*** Opening Supplied data ***

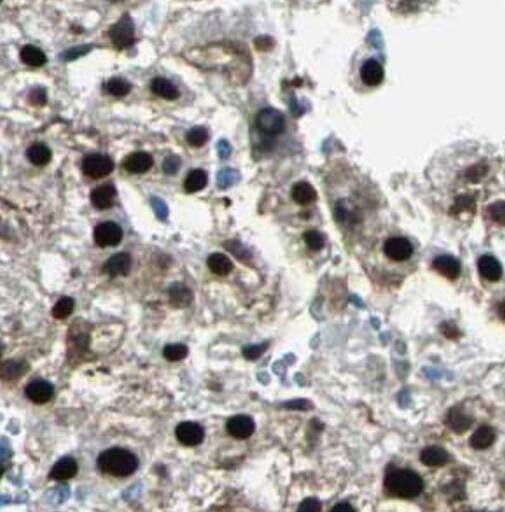 Immunohistochemistry: CCDC101 Antibody - BSA Free [NBP3-45371] - Immunohistochemistry of paraffin-embedded human liver cancer tissue slide using (CCDC101 Antibody) at dilution of 1:400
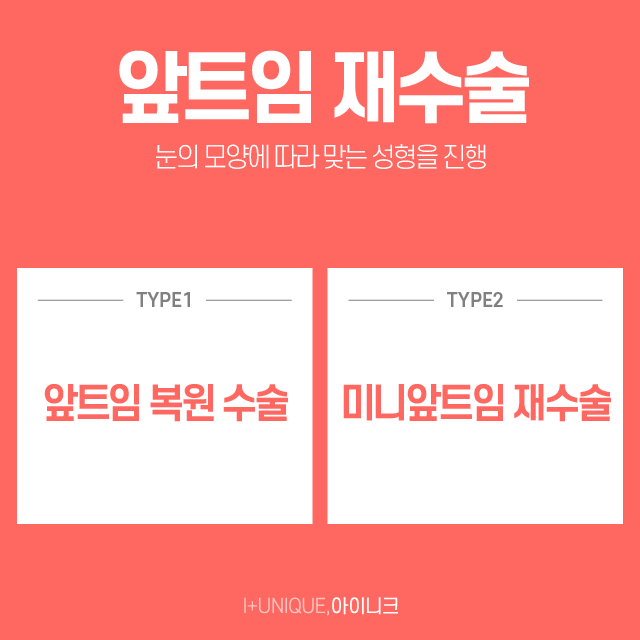 앞트임재수술로 자연스러운 눈 만들자! 관련 이미지 2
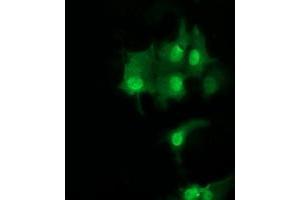 Image no. 3 for anti-Ubiquitin-Conjugating Enzyme E2S (UBE2S) antibody (ABIN1501643) (UBE2S anticorps)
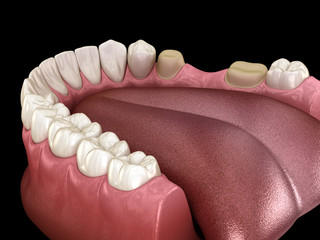 Preparated molar and premolar tooth for dental bridge placement. Medically accurate 3D illustration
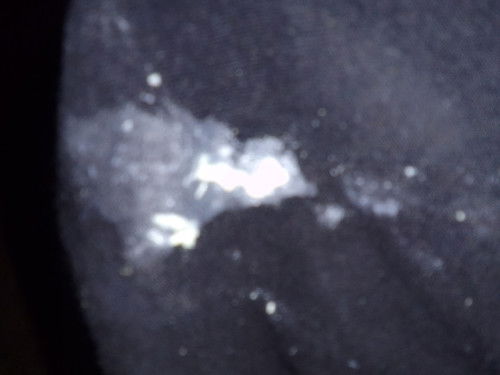 อันนี้คืออะไรอันตรายหรือเปล่า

*** Closing Supplied data ***

What to work on: Transcribe the records above exactly, omitting every picture they contain.

Exercise result:
 Immunohistochemistry: CCDC101 Antibody - BSA Free [NBP3-45371] - Immunohistochemistry of paraffin-embedded human liver cancer tissue slide using (CCDC101 Antibody) at dilution of 1:400
 앞트임재수술로 자연스러운 눈 만들자! 관련 이미지 2
 Image no. 3 for anti-Ubiquitin-Conjugating Enzyme E2S (UBE2S) antibody (ABIN1501643) (UBE2S anticorps)
 Preparated molar and premolar tooth for dental bridge placement. Medically accurate 3D illustration
 อันนี้คืออะไรอันตรายหรือเปล่า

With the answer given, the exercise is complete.